O provedor de dados H2 Gambling Capital estima que a receita bruta de jogos de azar (GRR) nesse “mercado cinza” não regulamentado e offshore atingiu R$ 1,98 bilhão (US$ 400 milhões) no ano passado. Se os regulamentos forem introduzidos dentro do cronograma, estima-se que a GRR geral no primeiro ano completo de apostas esportivas legais no Brasil possa atingir R$ 3,7 bilhões em 2023, subindo para R$ 5,5 bilhões em 2026.

A busca por novos públicos é evidente nos campos de futebol. Dezenove dos 20 clubes da primeira divisão nacional têm algum tipo de patrocínio de apostas esportivas, sejam acordos duradouros ou pontuais, segundo os pesquisadores de mercado Ibope Repucom.

Na temporada passada, as casas de apostas na internet ocuparam o centro da camisa de seis times, considerados imóveis de publicidade prime, mais do que qualquer outra categoria única de patrocinador. “Eles estão se tornando um dos principais”, disse Arthur Bernardo Neto, diretor de desenvolvimento de negócios do Ibope Repucom. Os bloqueios e restrições do covid-19 contribuíram para que mais pessoas experimentassem jogos de azar online enquanto estavam presas em casa, acrescentou.

A Casa de Apostas, que patrocina o Esporte Clube Bahia no estado nordestino de mesmo nome, é uma das marcas nacionais. “Os brasileiros estão aprendendo a apostar, temos um vasto campo de oportunidades. A Copa do Mundo trará um grande aumento em nossa atividade”, disse o gerente de relacionamento Anderson Nunes.

Como nos EUA, os operadores de esportes de fantasia também estão de olho em uma mudança para as apostas esportivas assim que o regulamento for firmado. Nigel Eccles, cofundador da empresa de jogos de azar norte-americana FanDuel e presidente da startup brasileira de esportes de fantasia Rei do Pitaco, disse que será um terreno fértil.

“O nível de paixão deles pelo futebol está fora das paradas. Eles seguem muitas ligas diferentes – o Campeonato Brasileiro, mas também a Premier League, a Copa Libertadores e mais coisas internacionais. Acho que a longo prazo poderá ser um dos maiores mercados a nível mundial”, explicou Eccles.
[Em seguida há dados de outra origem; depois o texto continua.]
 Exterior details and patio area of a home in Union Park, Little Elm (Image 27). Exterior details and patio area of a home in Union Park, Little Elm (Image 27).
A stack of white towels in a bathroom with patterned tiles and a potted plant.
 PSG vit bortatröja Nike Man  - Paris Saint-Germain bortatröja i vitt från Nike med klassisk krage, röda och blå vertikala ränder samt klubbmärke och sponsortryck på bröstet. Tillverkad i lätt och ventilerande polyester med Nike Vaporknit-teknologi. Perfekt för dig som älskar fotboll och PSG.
No entanto, uma questão não resolvida é que tipo de abordagem regulatória Brasília adotará. As duas opções amplas são um modelo de autorização com licenças ilimitadas emitidas para cada operador que satisfaça os requisitos legais, financeiros e outros; ou um esquema de concessão, onde as empresas licitam competitivamente por um número finito de licenças.
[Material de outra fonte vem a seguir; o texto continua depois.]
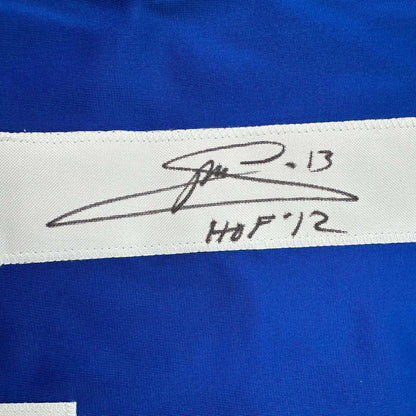Close-up of handwritten signature and "HOF '12" on white stripe of blue hockey jersey.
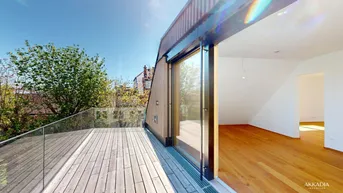 Geräumige Holzterrasse mit Glasgeländer und Zugang zu einem hellen Innenraum mit Holzboden.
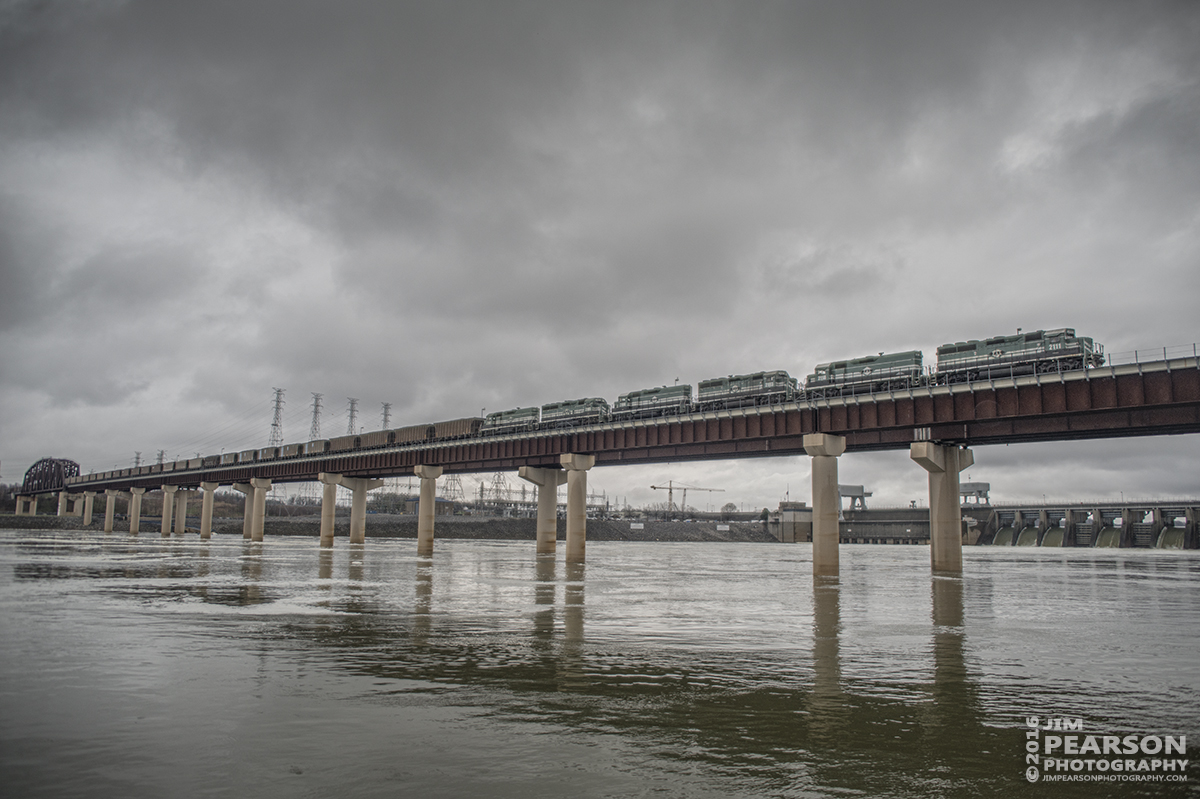 March 14, 2016 - Paducah and Louisville Railway's 2111 leads a lashup of six engines as they make their way south at Kentucky Dam with a loaded coal train at Gilbertsville, Ky.. - Tech Info: 1/8000, -.7 stop | f/2.8 | ISO 250 | Lens: Sigma 24-70 @ 24mm on a Nikon D800 shot and processed in RAW.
Neil Montgomery, sócio fundador do escritório de advocacia Montgomery & Associados, argumenta que o primeiro pode “ser um grande catalisador para o crescimento”. “O melhor para o governo é trabalhar em escala e regularizar o maior número de operadoras possível. Acho que isso vai gerar mais receita [tributária]”, ele adicionou.

Anderson, da Casa de Apostas, disse esperar que a nova regulamentação estabeleça boas práticas e ajude a evitar problemas de jogo: “Com as regras do jogo definidas, vai dar mais segurança ao consumidor, para nós operadores e para o Estado”.
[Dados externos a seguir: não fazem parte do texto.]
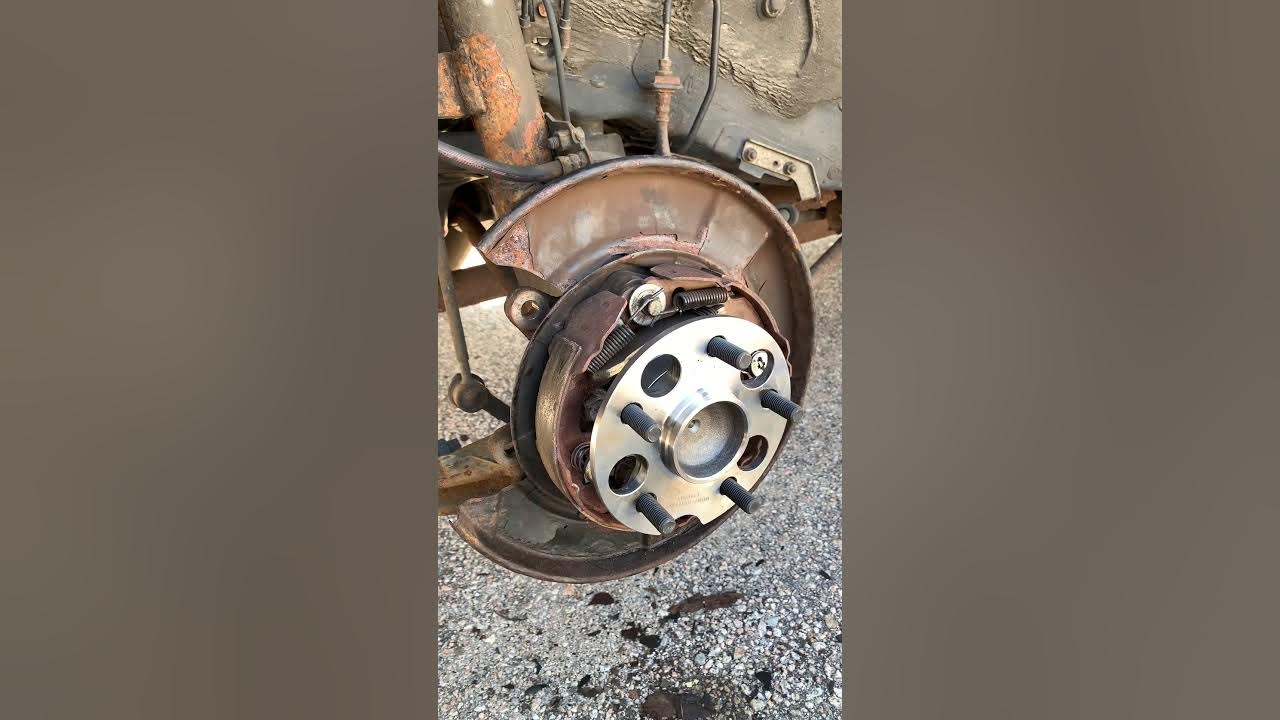 How to replace rear wheel bearing and nut assembly 2wd 2005 Toyota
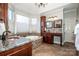 Bathroom features a jetted tub, granite countertops, custom cabinetry and tiled floor at 17201 Royal Court Dr, Davidson, NC 28036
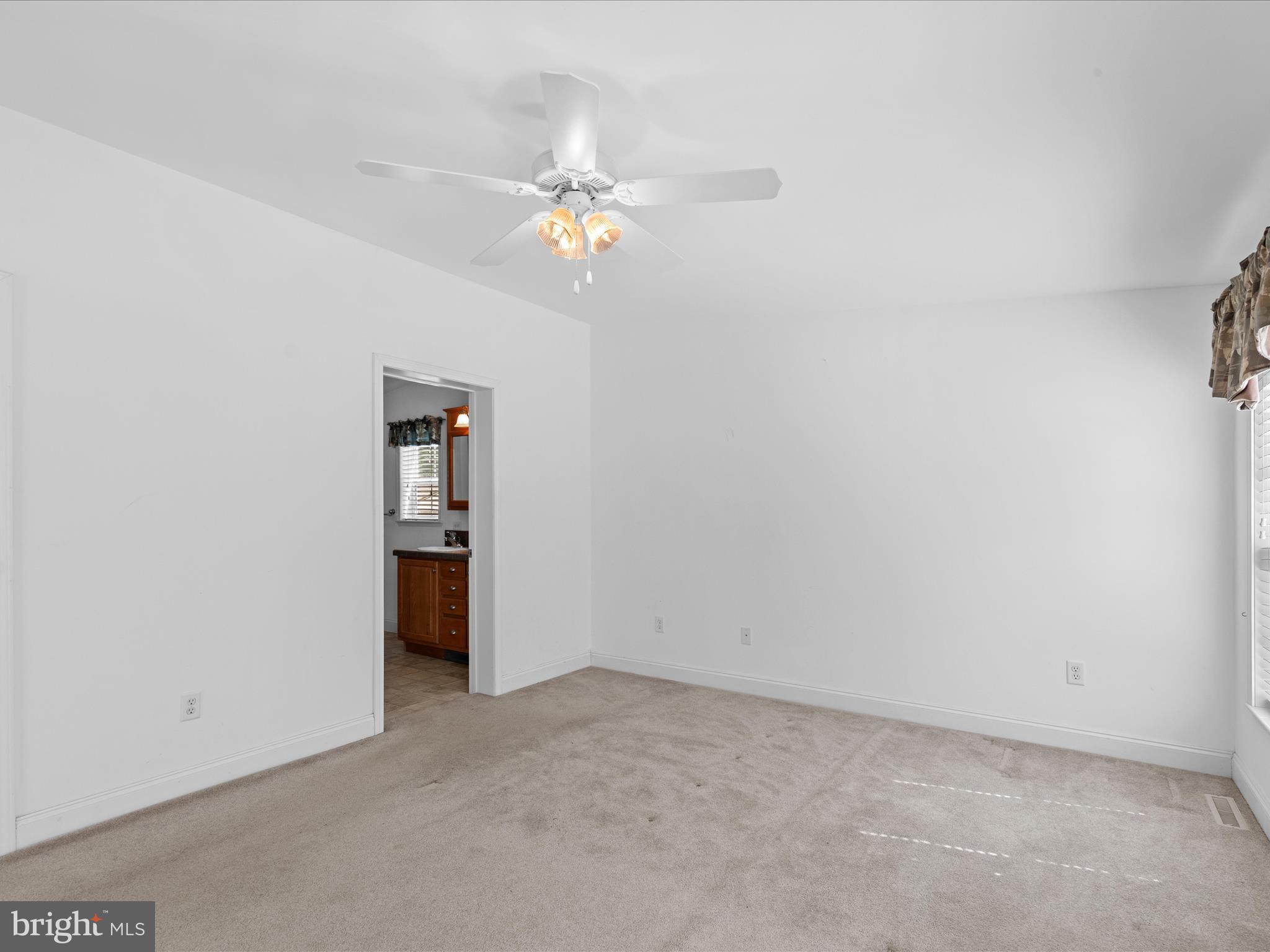 37531 Bonnie Street Ocean View, DE 19970 - Photo 11 of 62 an empty room with a chandelier fan and closet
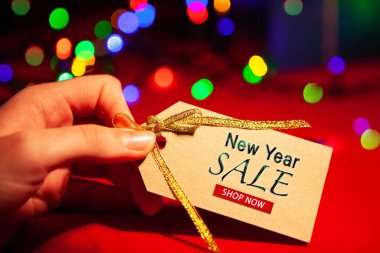 Bir kadının elinde yazılı bir etiket var. Yeni yıl indirimi, hemen şimdi. Kırmızı arka planda, çok renkli bir sardalya..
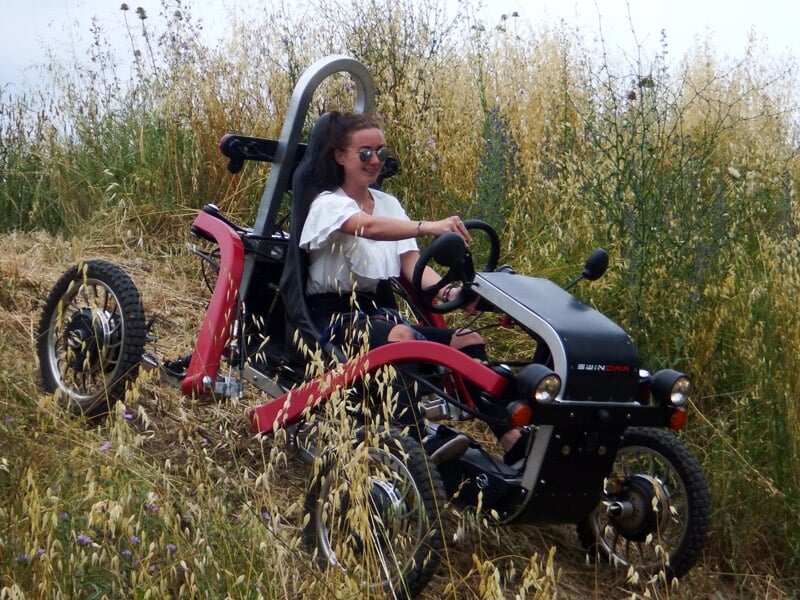 Femme au volant d'un véhicule tout-terrain rouge et noir roulant dans un champ d'herbes hautes.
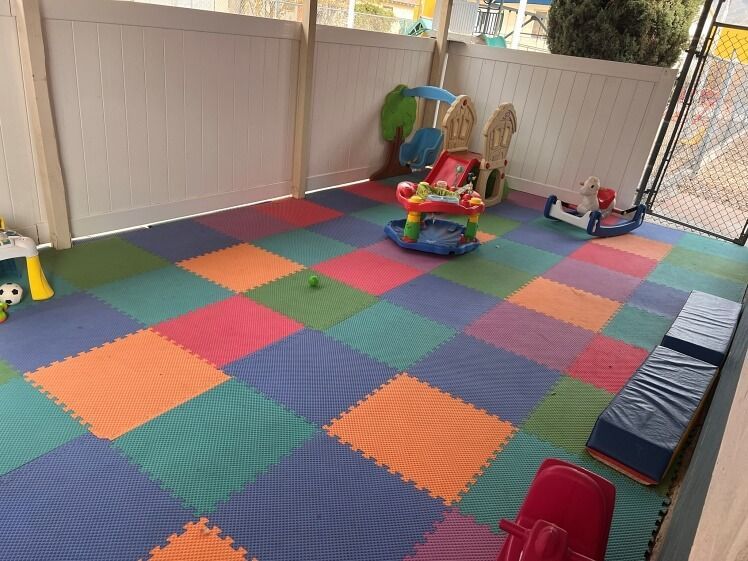 A colorful play area with toys on the floor.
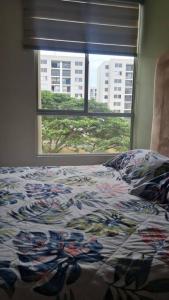 a bedroom with a bed and a window with a view at Apartamento en Guabinas Yumbo 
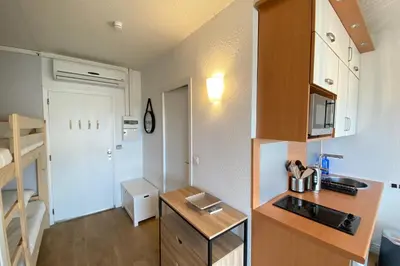 a small kitchen with a sink and a stove at Lovely 4-person studio - pool and sea in Cros-de-Cagnes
Mesmo que uma versão mais permissiva seja adotada, alguns acreditam que certas operadoras não conseguirão atender às condições ou custos de uma licença, resultando em um abalo em um setor que conta com cerca de 450 sites. Mas os jogadores maiores que podem arcar com o fardo veem um prêmio atraente. “Estamos empolgados com isso”, disse Jackson.